_PROBLEM DETAILS_.
Ignoring the pictures, copy the data exactly.
===== SUPPLIED INFORMATION
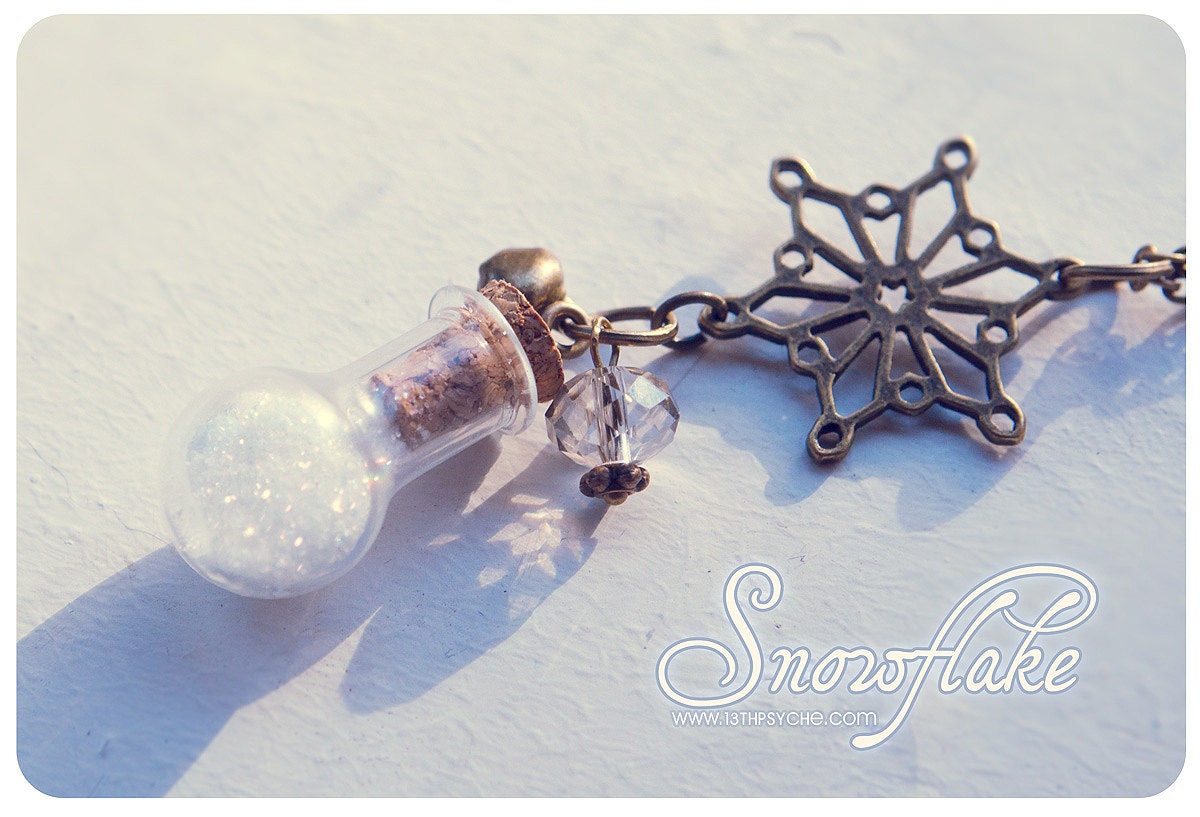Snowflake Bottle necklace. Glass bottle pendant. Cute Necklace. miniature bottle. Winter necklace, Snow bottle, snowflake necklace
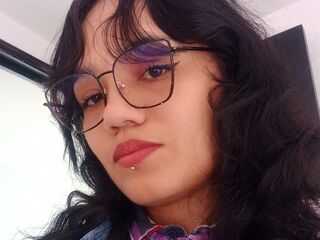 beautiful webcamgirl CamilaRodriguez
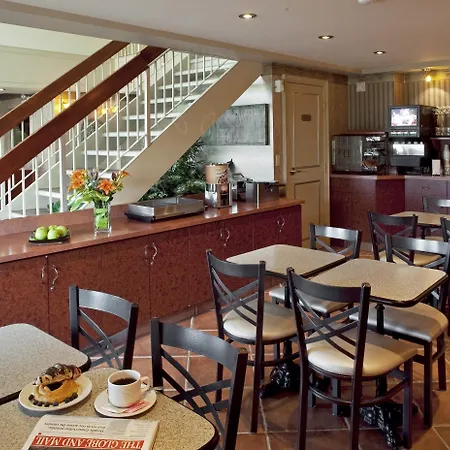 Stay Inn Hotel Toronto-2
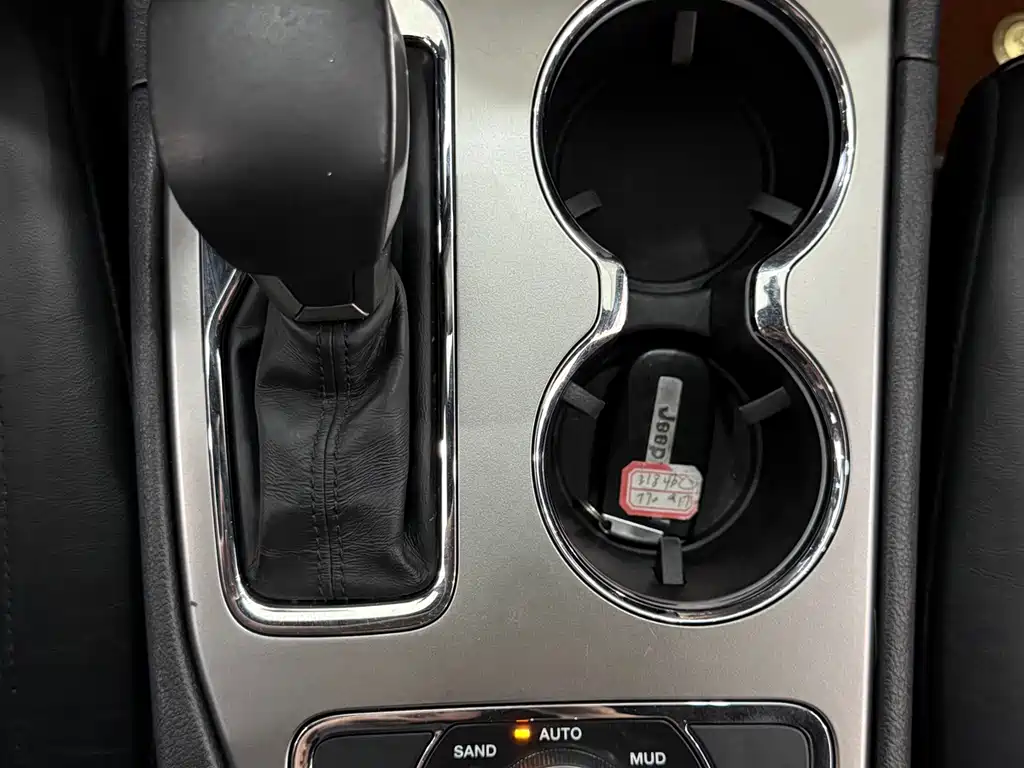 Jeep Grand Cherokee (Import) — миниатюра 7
==========
_RESULT FOR THIS TASK_.
Snowflake Bottle necklace. Glass bottle pendant. Cute Necklace. miniature bottle. Winter necklace, Snow bottle, snowflake necklace
 beautiful webcamgirl CamilaRodriguez
 Stay Inn Hotel Toronto-2
 Jeep Grand Cherokee (Import) — миниатюра 7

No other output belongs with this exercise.